■ **WORK INSTRUCTION**: Produce word for word the lines of the data below running from the one that has "Neues Fontänenfeld in" to the one that has "Zlatan and Davita", inclusive, and no others.

■ **DATA EXCERPTS**:
——————————

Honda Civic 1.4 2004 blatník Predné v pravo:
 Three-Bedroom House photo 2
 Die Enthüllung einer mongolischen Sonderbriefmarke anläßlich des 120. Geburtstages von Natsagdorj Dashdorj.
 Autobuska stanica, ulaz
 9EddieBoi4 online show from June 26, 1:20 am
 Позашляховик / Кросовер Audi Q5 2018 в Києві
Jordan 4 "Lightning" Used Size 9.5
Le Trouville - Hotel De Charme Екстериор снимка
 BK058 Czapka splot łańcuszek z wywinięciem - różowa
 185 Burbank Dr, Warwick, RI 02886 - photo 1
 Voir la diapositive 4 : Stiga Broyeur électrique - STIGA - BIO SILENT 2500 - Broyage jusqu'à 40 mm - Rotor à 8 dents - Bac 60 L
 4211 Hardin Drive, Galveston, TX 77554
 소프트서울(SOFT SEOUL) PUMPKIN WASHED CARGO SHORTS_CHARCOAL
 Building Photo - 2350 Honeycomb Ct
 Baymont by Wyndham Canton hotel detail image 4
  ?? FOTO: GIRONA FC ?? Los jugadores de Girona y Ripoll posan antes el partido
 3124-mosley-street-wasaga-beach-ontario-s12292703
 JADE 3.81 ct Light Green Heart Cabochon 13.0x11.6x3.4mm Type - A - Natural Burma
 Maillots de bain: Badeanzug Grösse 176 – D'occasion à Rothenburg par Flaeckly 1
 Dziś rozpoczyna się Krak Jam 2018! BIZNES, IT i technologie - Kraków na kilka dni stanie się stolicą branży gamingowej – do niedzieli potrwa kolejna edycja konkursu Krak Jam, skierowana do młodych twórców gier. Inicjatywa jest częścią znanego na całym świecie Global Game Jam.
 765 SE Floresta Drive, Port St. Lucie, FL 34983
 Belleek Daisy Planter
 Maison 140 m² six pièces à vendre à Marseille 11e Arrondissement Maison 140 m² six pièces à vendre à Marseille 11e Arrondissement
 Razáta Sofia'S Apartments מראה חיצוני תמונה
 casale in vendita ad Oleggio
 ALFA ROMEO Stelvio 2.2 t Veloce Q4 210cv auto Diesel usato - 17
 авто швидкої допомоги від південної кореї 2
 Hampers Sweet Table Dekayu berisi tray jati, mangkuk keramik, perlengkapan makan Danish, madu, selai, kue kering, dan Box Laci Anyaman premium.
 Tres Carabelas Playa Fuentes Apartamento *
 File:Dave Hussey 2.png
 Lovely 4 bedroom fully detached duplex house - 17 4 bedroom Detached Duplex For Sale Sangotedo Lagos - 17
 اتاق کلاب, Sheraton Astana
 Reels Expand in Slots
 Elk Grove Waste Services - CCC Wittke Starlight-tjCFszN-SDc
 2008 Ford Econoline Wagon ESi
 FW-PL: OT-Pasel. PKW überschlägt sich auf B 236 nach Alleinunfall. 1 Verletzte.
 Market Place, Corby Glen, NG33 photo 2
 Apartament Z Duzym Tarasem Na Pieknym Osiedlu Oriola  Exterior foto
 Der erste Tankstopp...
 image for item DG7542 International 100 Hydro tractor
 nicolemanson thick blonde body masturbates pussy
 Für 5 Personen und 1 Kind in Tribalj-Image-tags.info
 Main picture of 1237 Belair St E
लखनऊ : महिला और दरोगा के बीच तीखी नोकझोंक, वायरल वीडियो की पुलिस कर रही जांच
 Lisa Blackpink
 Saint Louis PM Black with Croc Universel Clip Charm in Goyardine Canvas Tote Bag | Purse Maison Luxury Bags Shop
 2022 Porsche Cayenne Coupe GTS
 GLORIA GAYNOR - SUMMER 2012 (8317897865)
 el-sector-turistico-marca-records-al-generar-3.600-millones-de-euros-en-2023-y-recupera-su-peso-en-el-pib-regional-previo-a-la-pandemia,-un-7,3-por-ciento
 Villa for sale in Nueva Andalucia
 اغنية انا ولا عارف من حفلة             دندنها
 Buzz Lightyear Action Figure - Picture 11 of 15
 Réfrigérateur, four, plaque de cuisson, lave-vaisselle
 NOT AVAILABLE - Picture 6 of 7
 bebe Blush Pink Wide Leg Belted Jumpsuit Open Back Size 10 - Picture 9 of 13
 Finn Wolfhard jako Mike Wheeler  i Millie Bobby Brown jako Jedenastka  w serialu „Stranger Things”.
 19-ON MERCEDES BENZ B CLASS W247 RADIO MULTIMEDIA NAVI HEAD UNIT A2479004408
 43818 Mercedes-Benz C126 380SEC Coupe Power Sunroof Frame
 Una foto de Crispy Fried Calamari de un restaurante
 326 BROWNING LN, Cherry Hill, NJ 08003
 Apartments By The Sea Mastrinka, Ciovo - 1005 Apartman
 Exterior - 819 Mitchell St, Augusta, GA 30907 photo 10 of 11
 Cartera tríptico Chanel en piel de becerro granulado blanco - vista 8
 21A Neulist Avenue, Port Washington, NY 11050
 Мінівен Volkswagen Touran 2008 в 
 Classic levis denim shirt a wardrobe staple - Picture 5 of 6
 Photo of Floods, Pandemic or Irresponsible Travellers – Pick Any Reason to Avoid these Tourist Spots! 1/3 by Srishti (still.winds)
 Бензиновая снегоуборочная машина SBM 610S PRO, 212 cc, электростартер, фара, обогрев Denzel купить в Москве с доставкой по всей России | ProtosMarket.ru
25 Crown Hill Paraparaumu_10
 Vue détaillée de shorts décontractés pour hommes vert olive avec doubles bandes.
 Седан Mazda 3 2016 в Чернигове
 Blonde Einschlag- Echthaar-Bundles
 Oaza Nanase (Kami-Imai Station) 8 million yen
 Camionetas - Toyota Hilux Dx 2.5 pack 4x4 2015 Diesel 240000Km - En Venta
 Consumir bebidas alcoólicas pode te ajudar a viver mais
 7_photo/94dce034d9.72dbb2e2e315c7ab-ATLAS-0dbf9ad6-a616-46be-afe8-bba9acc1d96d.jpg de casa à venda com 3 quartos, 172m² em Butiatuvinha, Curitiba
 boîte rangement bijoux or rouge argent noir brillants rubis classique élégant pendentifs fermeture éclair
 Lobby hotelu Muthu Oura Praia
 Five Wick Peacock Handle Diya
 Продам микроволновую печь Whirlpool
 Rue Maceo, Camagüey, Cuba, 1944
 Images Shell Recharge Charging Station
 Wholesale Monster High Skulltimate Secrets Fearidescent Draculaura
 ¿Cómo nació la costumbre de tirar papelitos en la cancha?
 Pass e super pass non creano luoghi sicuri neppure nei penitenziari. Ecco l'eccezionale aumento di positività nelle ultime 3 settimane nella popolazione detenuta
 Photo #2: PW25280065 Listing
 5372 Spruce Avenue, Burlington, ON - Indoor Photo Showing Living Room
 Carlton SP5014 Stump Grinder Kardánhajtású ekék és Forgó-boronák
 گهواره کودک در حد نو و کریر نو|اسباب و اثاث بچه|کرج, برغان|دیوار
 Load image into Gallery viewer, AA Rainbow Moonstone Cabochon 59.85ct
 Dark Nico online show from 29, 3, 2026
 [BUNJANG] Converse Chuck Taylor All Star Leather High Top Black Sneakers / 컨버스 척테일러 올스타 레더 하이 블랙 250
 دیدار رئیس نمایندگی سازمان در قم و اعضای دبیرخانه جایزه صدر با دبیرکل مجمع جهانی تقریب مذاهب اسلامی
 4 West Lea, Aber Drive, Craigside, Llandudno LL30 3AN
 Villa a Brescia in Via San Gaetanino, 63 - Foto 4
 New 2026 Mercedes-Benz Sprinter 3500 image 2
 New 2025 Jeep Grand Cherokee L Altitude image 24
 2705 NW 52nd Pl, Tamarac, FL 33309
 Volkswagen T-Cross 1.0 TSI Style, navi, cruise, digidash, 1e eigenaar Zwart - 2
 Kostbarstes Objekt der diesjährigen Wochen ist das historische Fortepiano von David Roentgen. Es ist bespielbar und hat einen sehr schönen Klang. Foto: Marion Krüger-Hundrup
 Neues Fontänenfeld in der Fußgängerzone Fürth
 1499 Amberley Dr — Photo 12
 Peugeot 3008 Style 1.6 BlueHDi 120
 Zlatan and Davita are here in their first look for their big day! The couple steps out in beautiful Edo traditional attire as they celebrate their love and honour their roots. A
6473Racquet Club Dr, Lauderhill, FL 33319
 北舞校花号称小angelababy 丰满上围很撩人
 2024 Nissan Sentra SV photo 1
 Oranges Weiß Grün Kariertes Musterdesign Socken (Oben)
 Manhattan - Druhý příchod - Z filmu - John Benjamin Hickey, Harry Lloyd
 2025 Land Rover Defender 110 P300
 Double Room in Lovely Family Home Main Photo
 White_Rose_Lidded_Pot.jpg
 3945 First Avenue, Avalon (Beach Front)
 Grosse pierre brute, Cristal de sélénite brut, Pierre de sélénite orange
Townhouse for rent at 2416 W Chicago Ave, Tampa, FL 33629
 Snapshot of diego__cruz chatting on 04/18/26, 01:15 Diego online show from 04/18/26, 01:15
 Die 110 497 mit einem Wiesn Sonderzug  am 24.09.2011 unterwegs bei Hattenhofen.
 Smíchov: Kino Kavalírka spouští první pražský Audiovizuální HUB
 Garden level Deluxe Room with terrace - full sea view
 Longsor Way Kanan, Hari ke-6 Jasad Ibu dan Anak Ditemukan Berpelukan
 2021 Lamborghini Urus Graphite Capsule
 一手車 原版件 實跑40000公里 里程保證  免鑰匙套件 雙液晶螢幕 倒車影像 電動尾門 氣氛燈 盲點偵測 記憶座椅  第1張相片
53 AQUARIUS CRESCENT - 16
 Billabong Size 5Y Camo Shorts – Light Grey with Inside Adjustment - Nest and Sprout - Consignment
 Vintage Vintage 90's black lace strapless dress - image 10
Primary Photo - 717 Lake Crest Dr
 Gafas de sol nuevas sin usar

——————————

■ **TASK OUTPUT**:
 Neues Fontänenfeld in der Fußgängerzone Fürth
 1499 Amberley Dr — Photo 12
 Peugeot 3008 Style 1.6 BlueHDi 120
 Zlatan and Davita are here in their first look for their big day! The couple steps out in beautiful Edo traditional attire as they celebrate their love and honour their roots. A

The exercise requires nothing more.